(Task to carry out):
Up to and including the line that holds "2052 - Two late", print the data exactly from its first line; do not print the pictures.

[Collection entries]
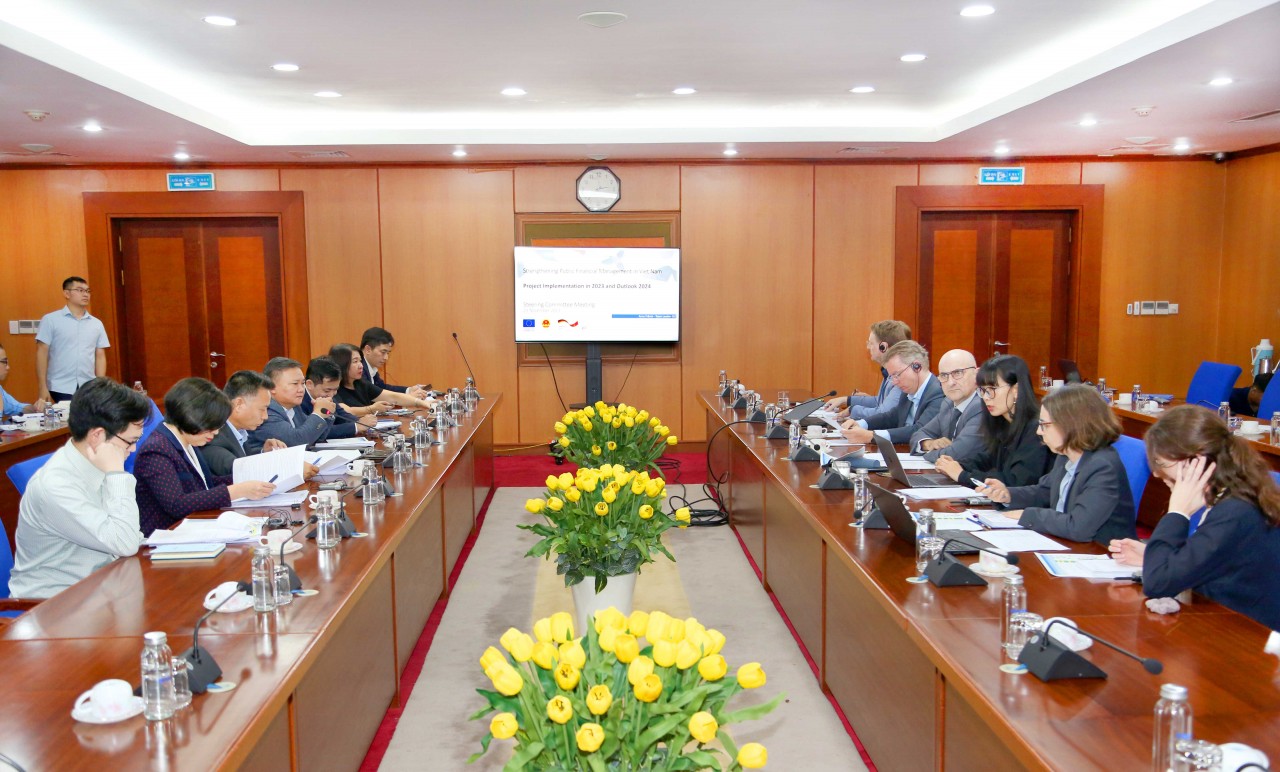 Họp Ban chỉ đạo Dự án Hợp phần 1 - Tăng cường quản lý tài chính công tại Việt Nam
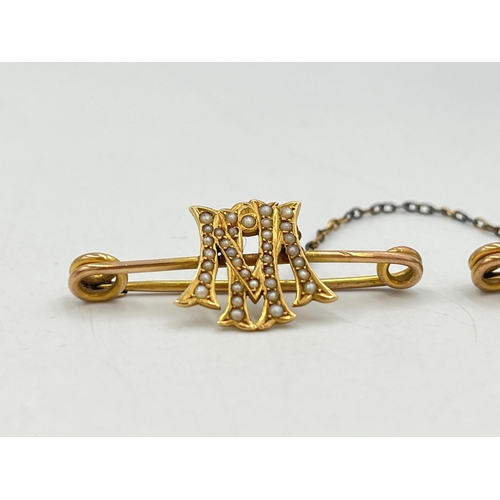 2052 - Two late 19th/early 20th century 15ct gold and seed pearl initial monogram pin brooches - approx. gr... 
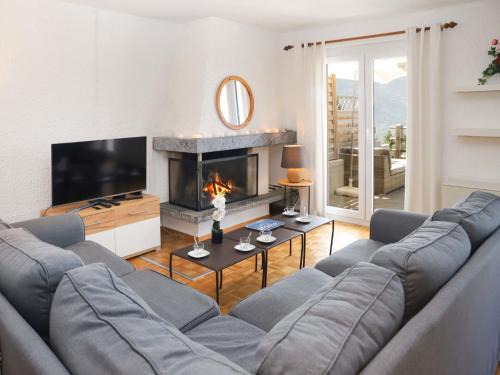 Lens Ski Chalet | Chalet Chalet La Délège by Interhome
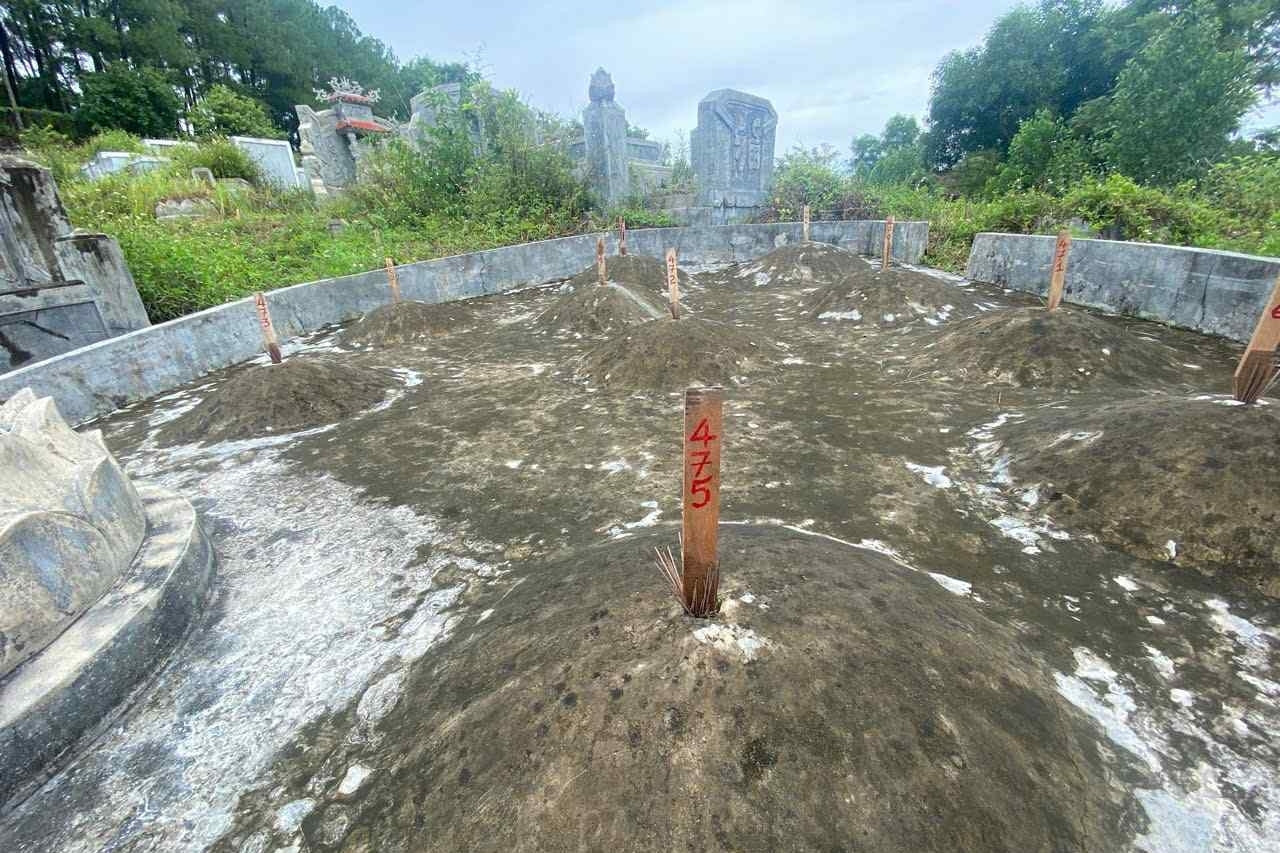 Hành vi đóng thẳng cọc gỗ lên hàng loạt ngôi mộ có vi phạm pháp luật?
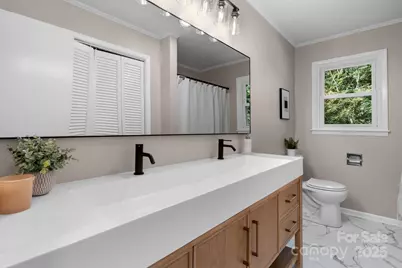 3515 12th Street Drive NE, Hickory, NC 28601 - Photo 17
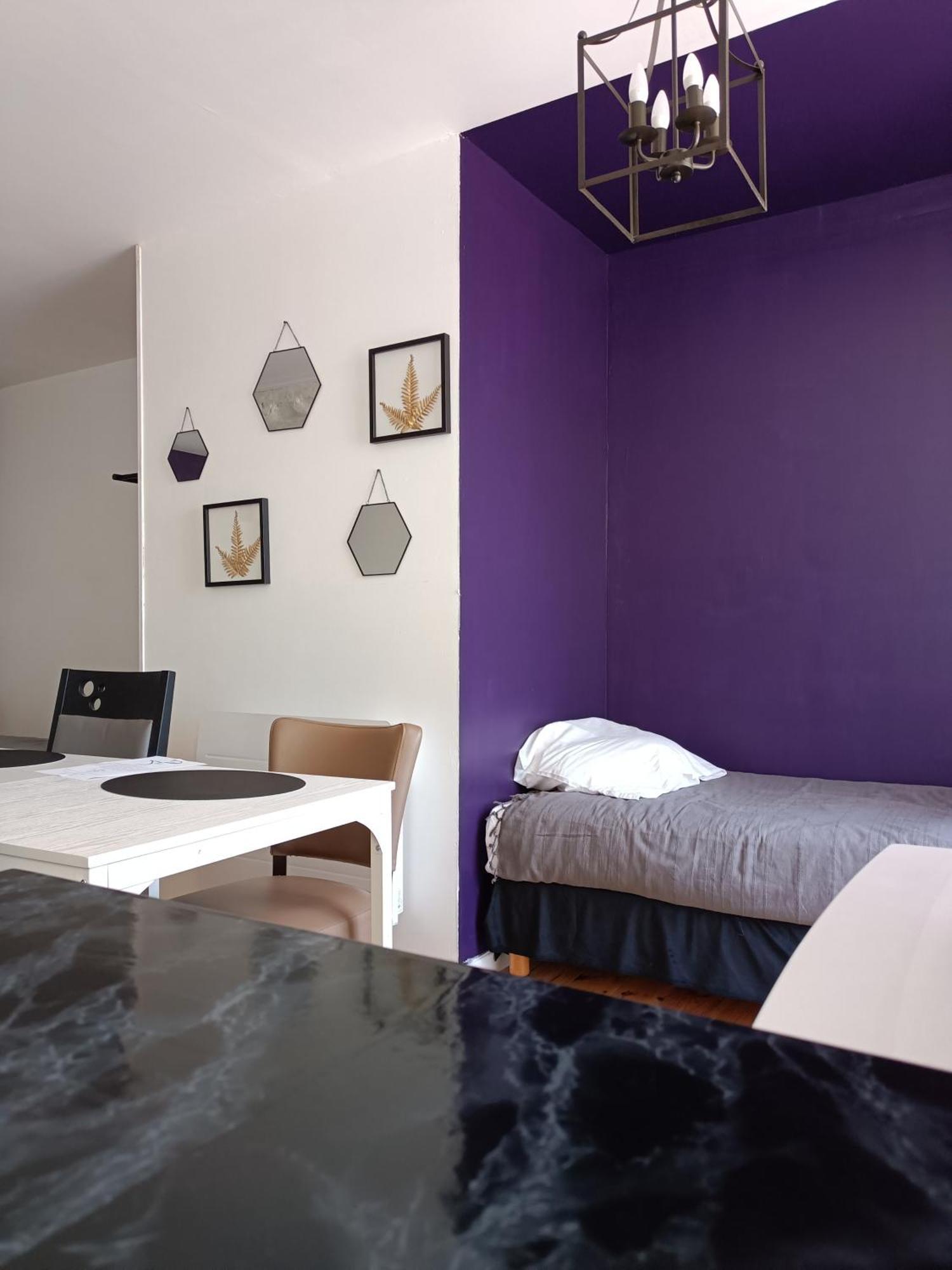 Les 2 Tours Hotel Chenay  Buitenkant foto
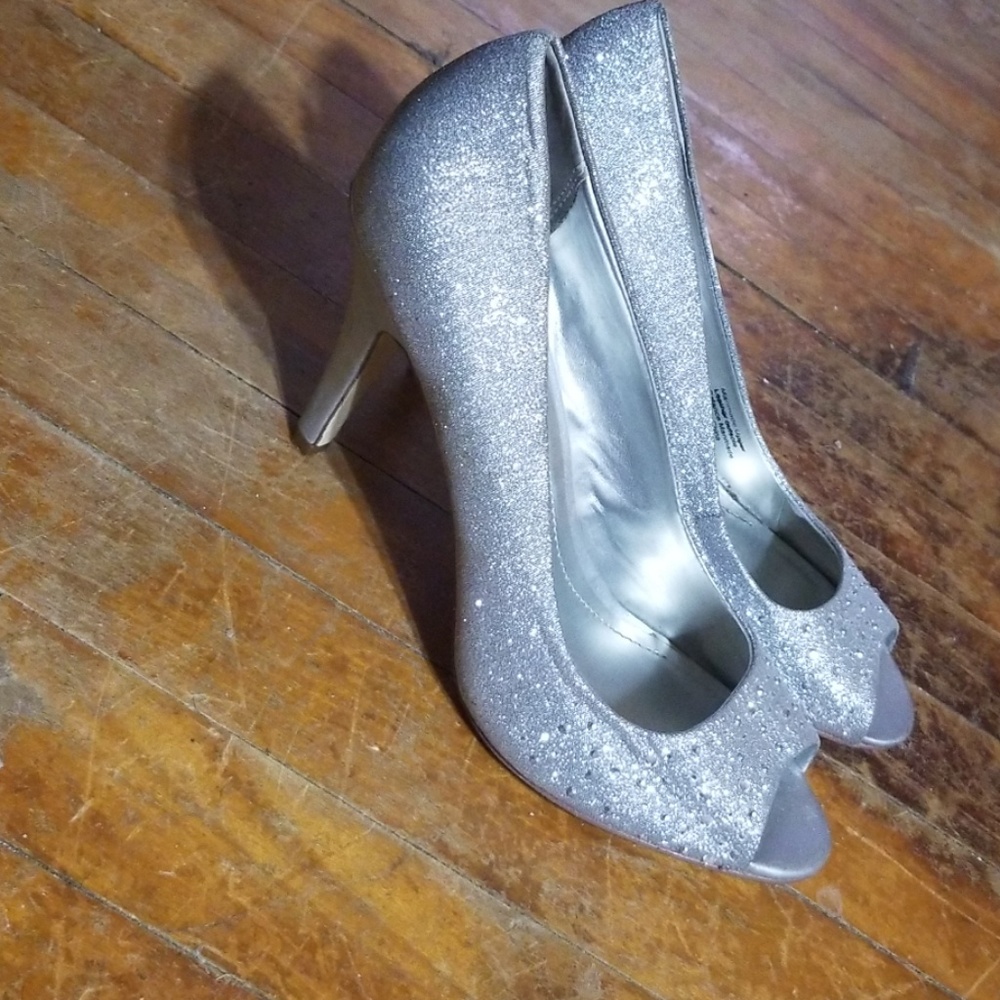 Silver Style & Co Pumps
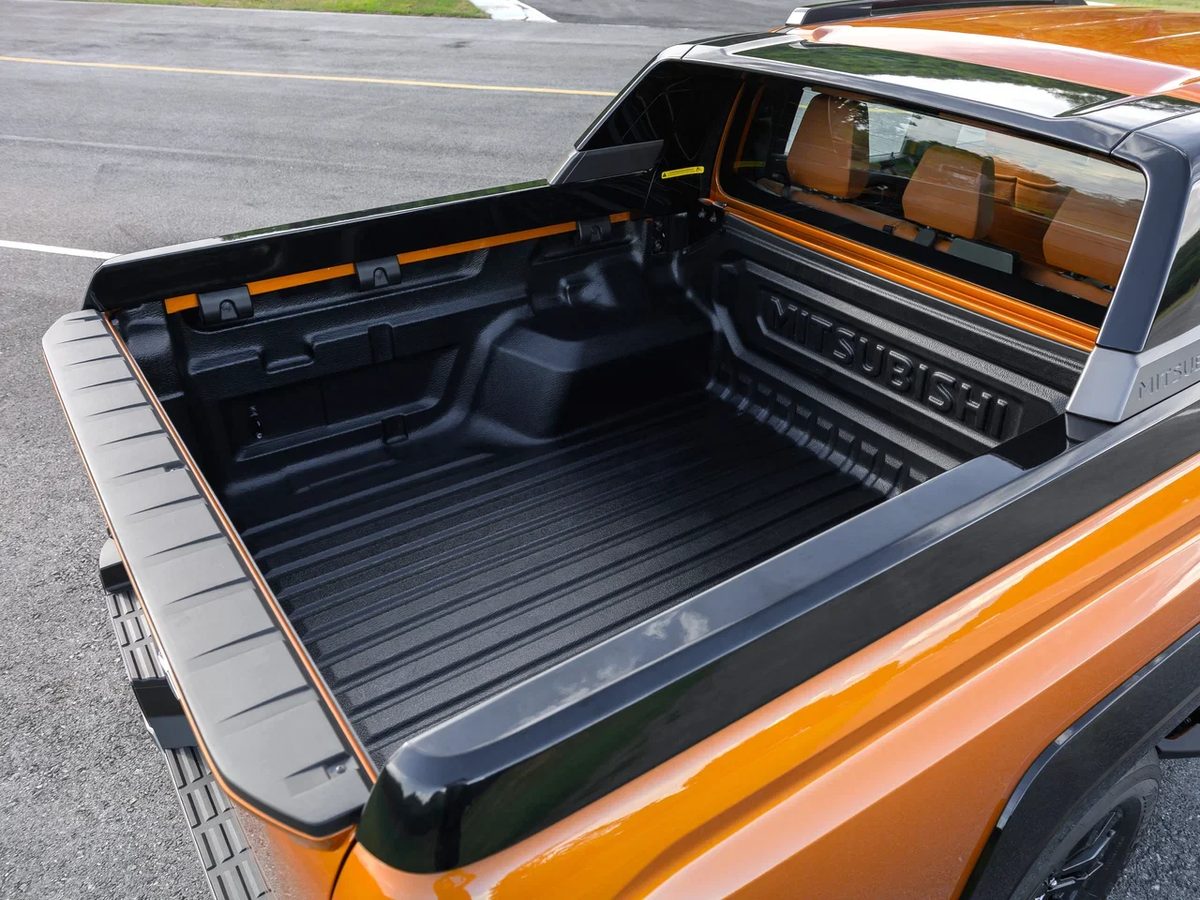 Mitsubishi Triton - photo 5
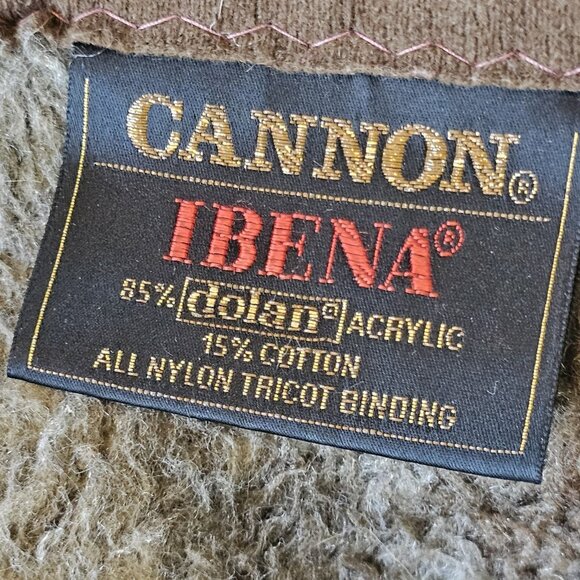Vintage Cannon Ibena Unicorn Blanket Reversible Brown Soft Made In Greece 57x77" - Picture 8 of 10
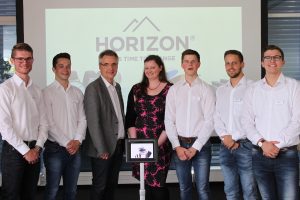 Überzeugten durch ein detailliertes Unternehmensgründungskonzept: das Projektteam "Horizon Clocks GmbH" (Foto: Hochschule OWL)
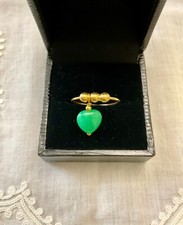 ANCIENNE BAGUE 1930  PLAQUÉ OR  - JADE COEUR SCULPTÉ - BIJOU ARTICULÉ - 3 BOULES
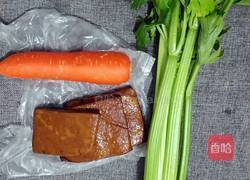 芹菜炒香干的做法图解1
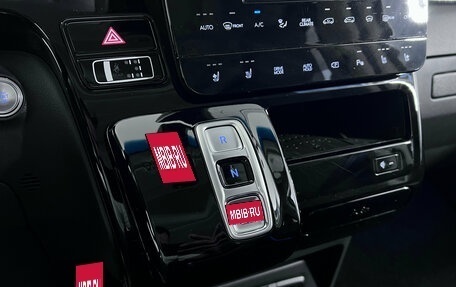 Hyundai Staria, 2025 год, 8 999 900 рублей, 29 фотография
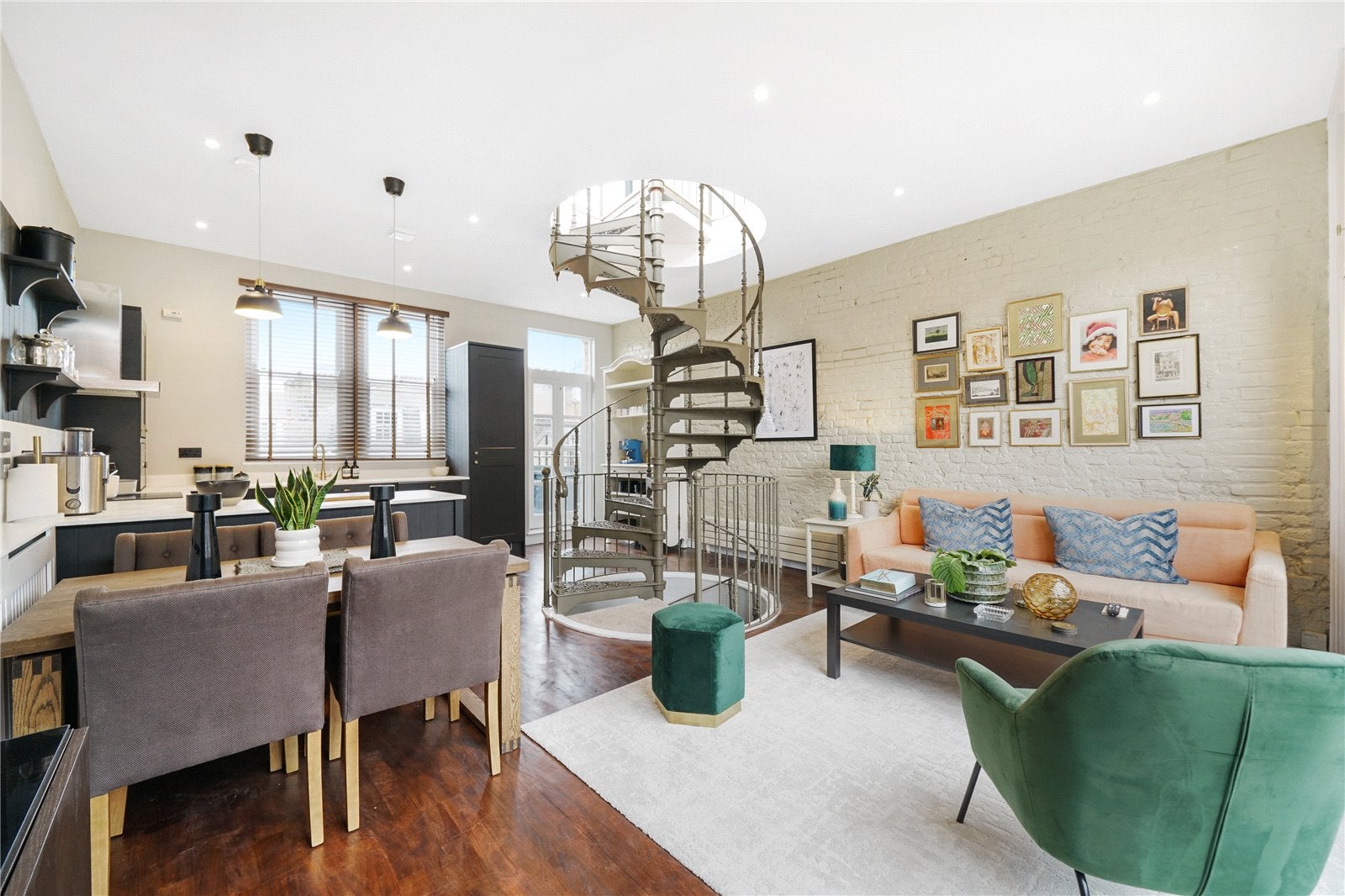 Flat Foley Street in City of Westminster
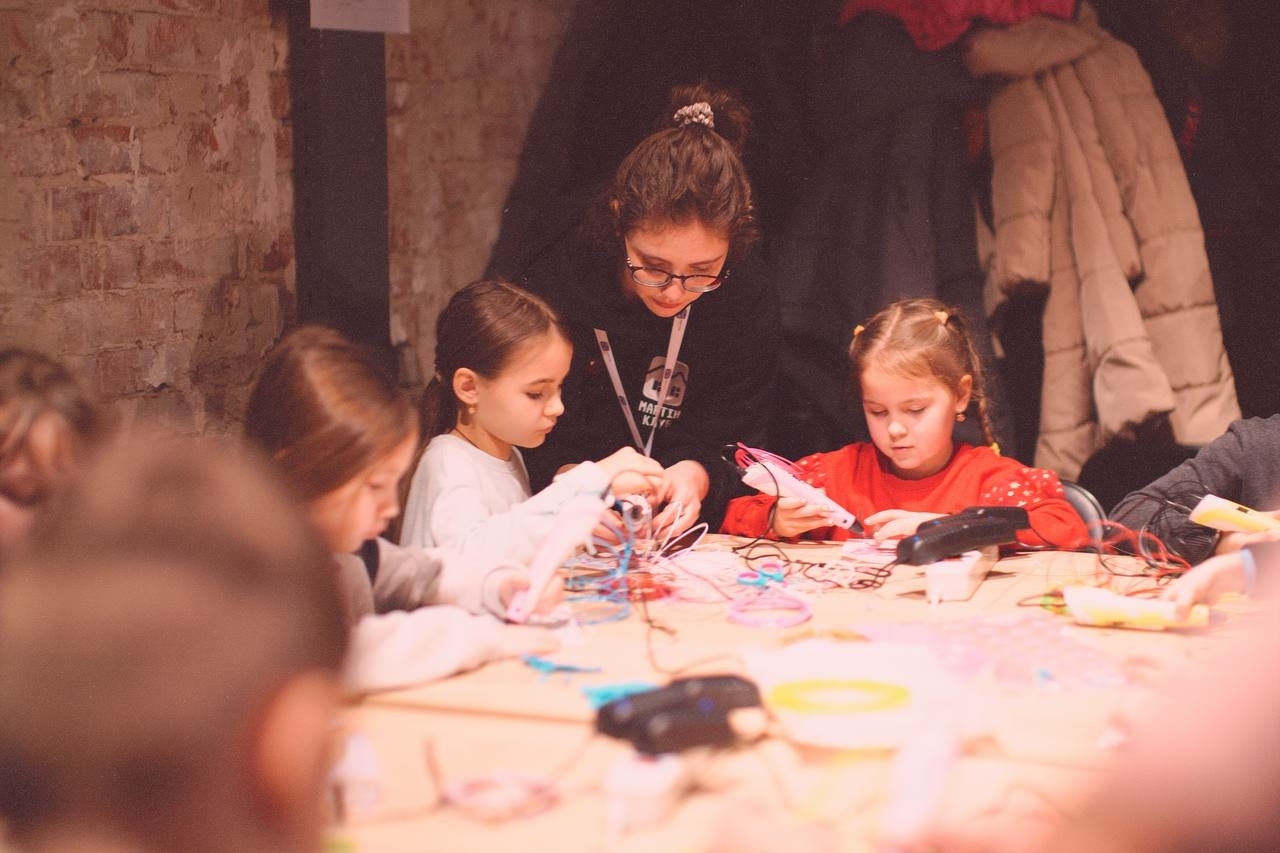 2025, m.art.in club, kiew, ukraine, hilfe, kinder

(Expected output):
 Họp Ban chỉ đạo Dự án Hợp phần 1 - Tăng cường quản lý tài chính công tại Việt Nam
 2052 - Two late 19th/early 20th century 15ct gold and seed pearl initial monogram pin brooches - approx. gr... 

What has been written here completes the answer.